• [Instructions to follow] Without any pictures, output the records exactly as they are.

• [Stored data]
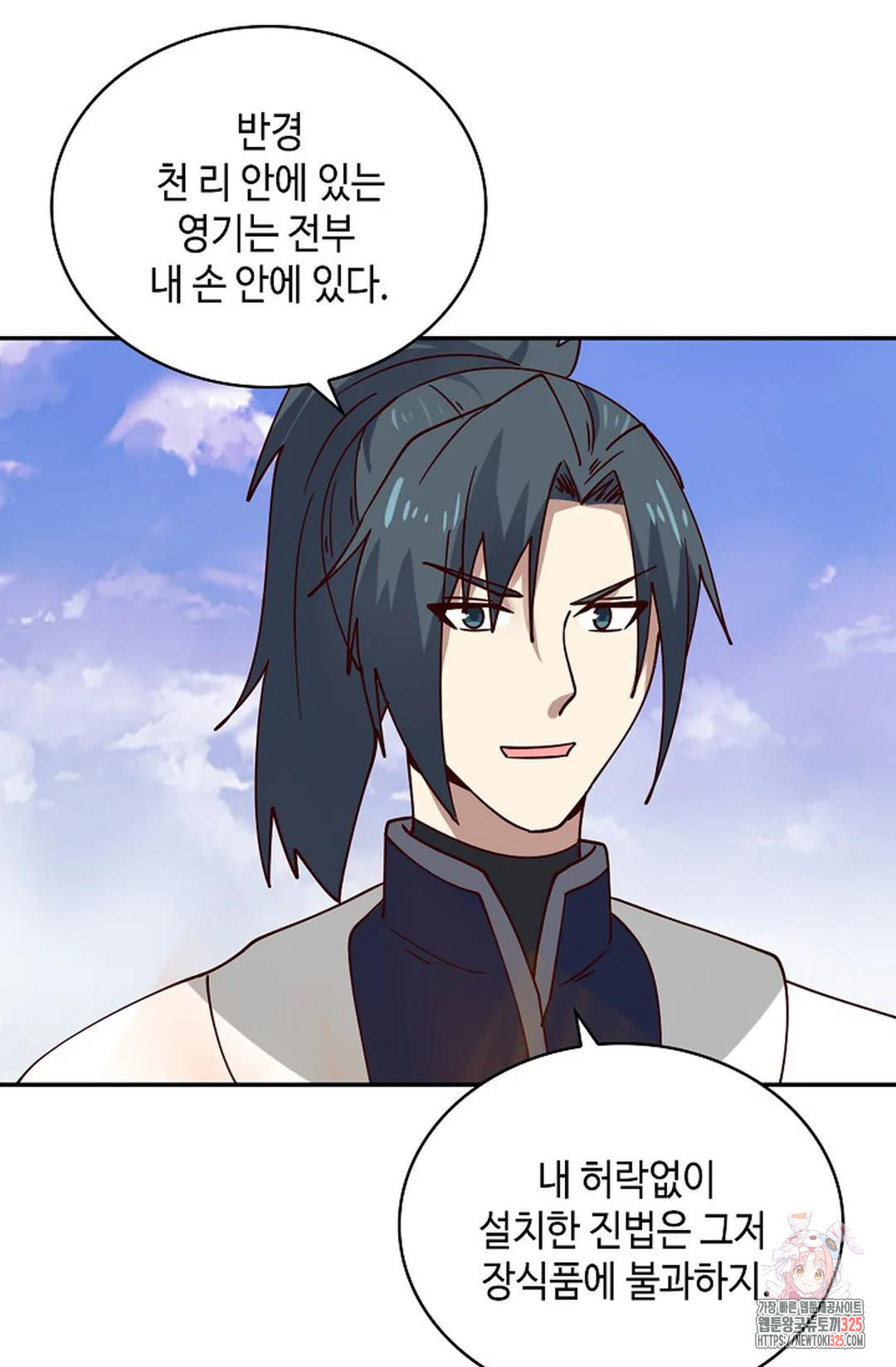 무련전봉 1130화 39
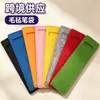 Estojo de feltro colorido transfronteiriço para instituições de ensino, estojo simples para presente, porta-canetas com opção de impressão de logotipo, bolsa organizadora de material escolar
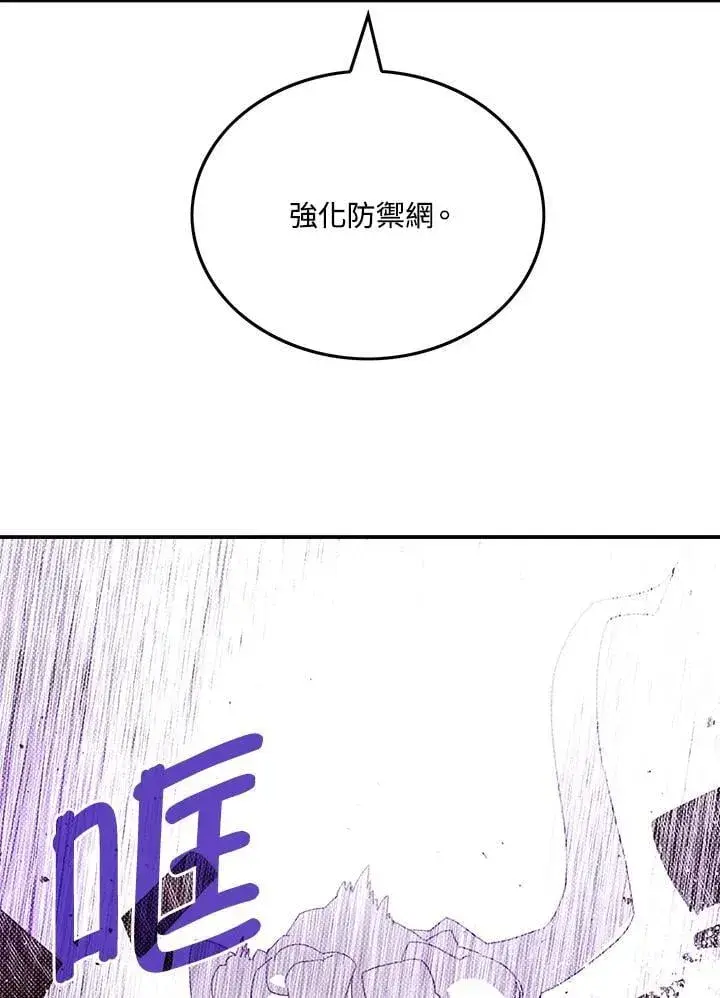 漫画《魔导王》第108话第13张图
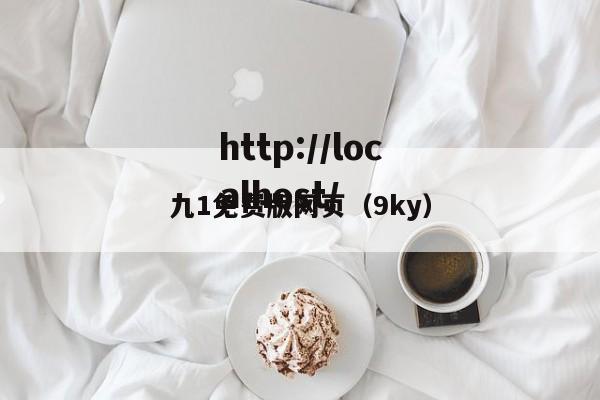 九1免费版网页(9ky)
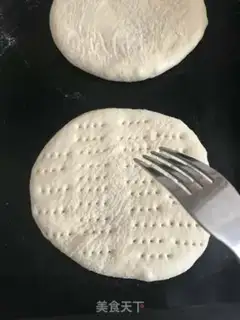 Make Sea, cheese bread step 4
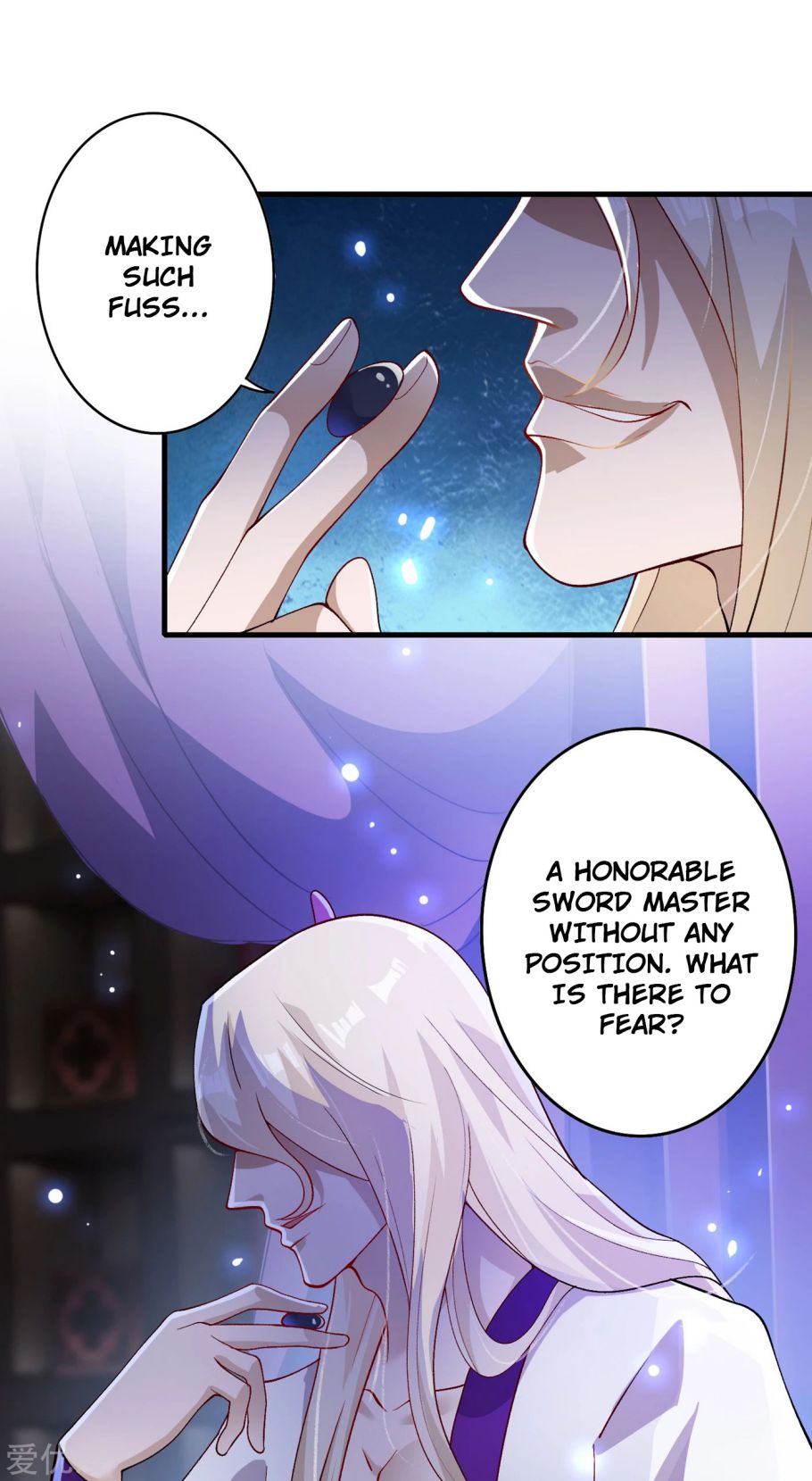 Spirit Sword Sovereign Chapter 339 - page 32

• [Exercise response]
 무련전봉 1130화 39
 Estojo de feltro colorido transfronteiriço para instituições de ensino, estojo simples para presente, porta-canetas com opção de impressão de logotipo, bolsa organizadora de material escolar
 漫画《魔导王》第108话第13张图
 九1免费版网页(9ky)
 Make Sea, cheese bread step 4
 Spirit Sword Sovereign Chapter 339 - page 32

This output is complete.